'NATURE: Natural Born Rebels'
(DVD / PG / 2018 / PBS)
Overview: Thieving macaques using psychology to pull off scams. Delinquent cockatoos vandalizing urban residences. Swaggering peacocks lying about their sexual exploits. These are nature's greatest rebels, succeeding by breaking all the rules.
DVD Verdict: Despite how it appears on the surface, researchers are discovering the complex and fascinating science behind why these animals behave the way they do.
From a promiscuous prairie dog to a kleptomaniac crab and an alpha chimpanzee who reigns with an iron fist, this simply fascinating three-part miniseries explores the most rebellious animals in the natural world.
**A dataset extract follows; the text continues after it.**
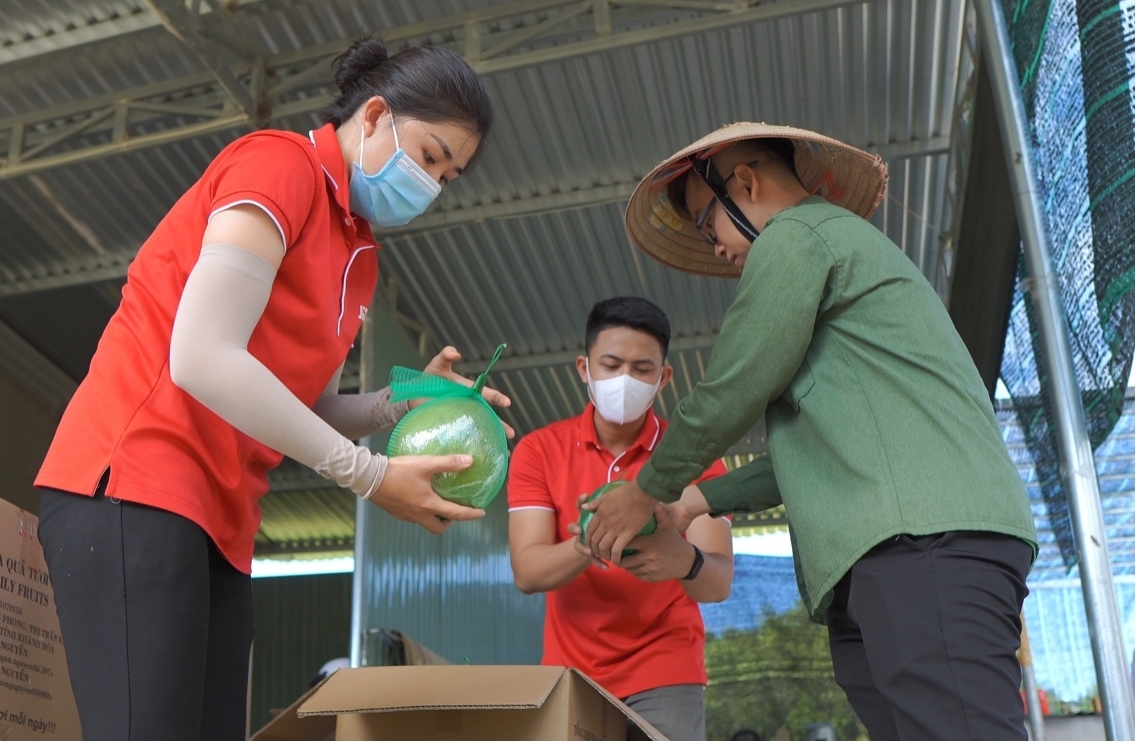 J&T Express nối dài hành trình hỗ trợ tiêu thụ nông sản Việt - ảnh 4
But, the main question being asked throughout this new PBS Nature documentary is: Are these creatures really breaking bad?
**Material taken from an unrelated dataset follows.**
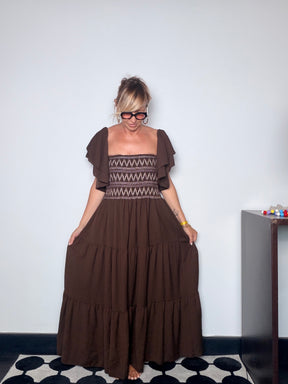 Abito Maxi Smock Zigzag — Maniche a Volant e Gonna a Balze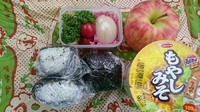 おにぎり弁当デザートつき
Across the world, new studies are uncovering an astonishing variety of insubordinate animal behaviors, and despite how it appears on the surface, researchers are discovering the complex and fascinating Science behind why these animals behave the way they do.
Oh, and here's what we learn along the way:
Coconut crabs weigh up to nine pounds and may be the world's largest land crab. More than one million coconut crabs reside on Christmas Island, where they are known to locals as "robber crabs" for stealing anything they can get their CLAWS on in a competition for food.
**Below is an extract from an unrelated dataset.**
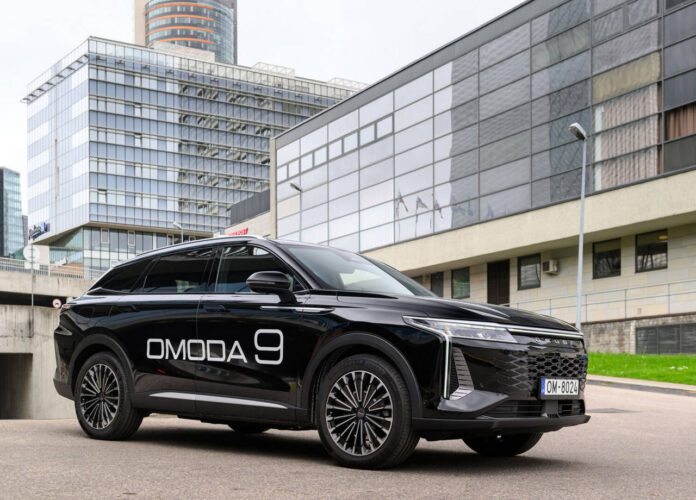 „Omoda 9 Super Hybrid“ (nuotr. gamintojo)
Deer, the main prey of the tiger, are dichromats, which means their color vision comes from just two color receptors - they can only see greens and blues. This makes it harder to spot the orange stripes of tigers who wish to prey on them.
Hummingbirds have to eat more than twice their bodyweight in food each day. Most HUMMINGBIRDS get their food from the nectar of surrounding flowers in exchange for pollination. The Wedge-bill cheats this process by going straight to the base of the flower, opting out of pollination, but gaining the nectar. Scientists call this "floral larceny."
With a run time x3 60-minute episodes 'NATURE: Natural Born Rebels' is, quite easily, one of the more time worthy PBS documentaries that exists and is totally worthwhile of you to invest in; time wise and monetarily, trust me. This is a Widescreen Presentation (1.78:1) enhanced for 16x9 TVs.